Un matin quelques jours après, je découvre un court email du manager de Prince disant qu’il souhaitait l’acquérir. C’est amusant comme certains emails réussissent à vous réveiller plus rapidement que d’autres.

Je n’y croyais pas trop au début, j’ai fait vérifier l’authenticité du nom et de l’adresse email avant d’engager la conversation. Vingt-quatre emails plus tard, c’était signé. Le processus était à la fois très cordial et sympathique, et professionnel.

Cette chaîne d’email contient les neuf mots les plus beaux qu’une artiste puisse lire: « I know first hand that Prince loves your work ».

Ca a aussi marqué le début d’une collaboration.

Let’s Work 2Gether

  • As-tu eu d’autres échanges et/ou commandes de sa part ? 

Peu après tout ça, un fan Anglais m’avait commandé une nouvelle illustration. Prince l’a vue, et elle a connu le même sort. J’ai aussi reçu une demande de travailler sur une image des trois musiciennes de 3rd Eye Girl.

Je n’étais en contact qu’avec le staff, jamais avec Prince en direct, mais ils étaient assez clairs sur le fait qu’ils ne faisaient que relayer ses demandes.

Pour ces images, la nature de la relation était assez différente: c’était une commande. Là où les autres images étaient « en l’état », il y avait des « retours » et commentaires. Mais comment dire à Prince qu’on n’est pas d’accord avec ce qu’il veut ? Tous les gens qui ont travaillé en agence le savent: gérer les modifications du client peut s’avérer délicat.
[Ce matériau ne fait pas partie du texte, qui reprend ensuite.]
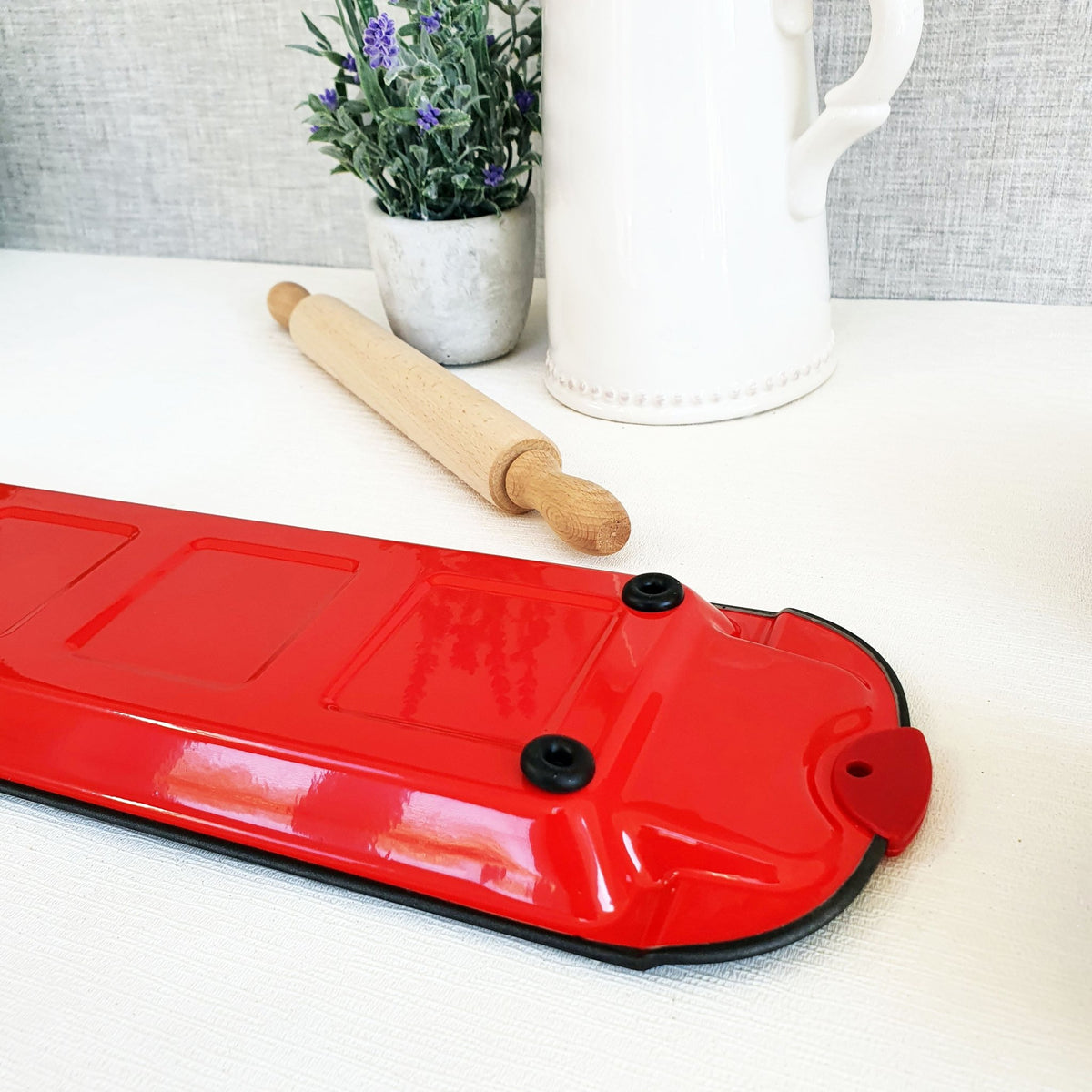 Ravioli Cutting Tray Base Red with rolling pin and plant on white surface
Attendez que votre client s’appelle Prince…

Au final, en grande partie grâce à l’efficacité de son équipe, les choses se passent bien. Le plus dur est de gérer les attentes et les délais. Il était bien sûr très occupé, et manifestement, rien ne se fait sans prendre son avis ? Du coup, entre deux retours, plusieurs semaines peuvent passer.

Enfin est arrivé le projet des studios: re-décorer les salles d’enregistrement de Paisley Park. Lydia travaillait déjà dessus, et je sais que d’autres artistes étaient aussi dans la boucle.
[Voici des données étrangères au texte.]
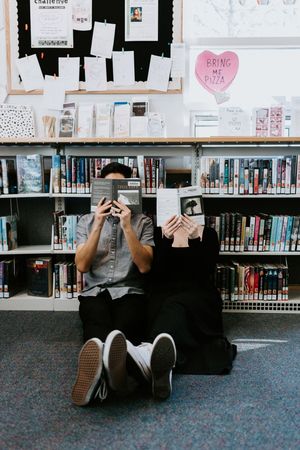 Person sitting on library floor holding books up to cover their face with bookshelves and bulletin board visible.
Le brief était assez sommaire. On commençait par la plus grande salle: Purple Rain. Il fallait « raconter » le film, de son stade « projet » à l’avant-première en passant par le show du First Avenue. Le travail était assez conséquent, donc j’ai commencé par une phase de croquis (ce que je fais assez rarement pour les commandes).

Pour ce projet, l’interlocuteur a changé: j’échangeais maintenant avec le « premier cercle ». C’était intéressant de voir qu’il avait plus d’autonomie, de pouvoir de décision. Il avait la confiance de Prince.

A ce moment-là, Prince préparait la tournée Piano & A Microphone depuis Paisley Park. La communication s’est faite plus rare. La tournée Australienne a été annoncée. Une rencontre pour travailler sur le projet de re-décoration des studios a été évoquée, mais son emploi du temps ne le permettait pas. Son attention était clairement portée sur la tournée, le projet du studio était en attente.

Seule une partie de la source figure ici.